The company blamed the carbon output increase on economic growth, higher freight demand, port congestion and higher sailing speeds.

“There’s only so much you can do on your own, and you still have to deal with the environment that you’re in — the market that you’re in,” Dieleman said. “That’s why I think it continues to be very important that the regulator plays its role as well and creates that level playing field for everybody.”

He said that rules coming into force next year, such as the IMO’s Carbon Intensity Indicator and the Energy Efficiency Existing Ship Index, will likely help cut emissions, but their impact is limited and what comes next from regulators will be crucial.

But Dieleman said the company’s emissions increase would have been a few percentage points higher without the decarbonisation efforts it has taken, and while it is too early to tell, so far this year is shaping up to be better.

He said last year’s increase in emissions is a testament to the “non-linear” path that shipping will have to take to reach its decarbonisation goals.

The 177,900-dwt bulker Afales (built 2012) is owned by Minerva Marine. The ship is reportedly on charter to Cargill as of June 2022. Photo: Piet Sinke/CC BY-NC-SA 2.0

“We need to double down as an industry on getting zero-carbon fuels on the water faster, because that’s going to be the real solution” in combination with wind and other energy-saving methods, said Dieleman, who is a major voice in the decarbonisation debate as chairman of the Global Maritime Forum.

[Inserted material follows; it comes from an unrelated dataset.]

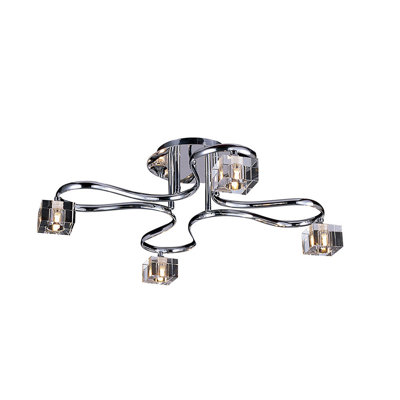 Acklin Glass Semi Flush Mount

Cargill is a founding signatory of the Sea Cargo Charter, which established a framework for assessing and disclosing carbon emissions in chartering deals.

He said that it is positive that the initiative has brought carbon into chartering decisions, although he acknowledged that there is work to be done on the effort.

“It is finding its way to contracts. It’s finding its way to discussions. It’s finding its way into negotiations,” Dieleman said. “So that for me is a big step forward”.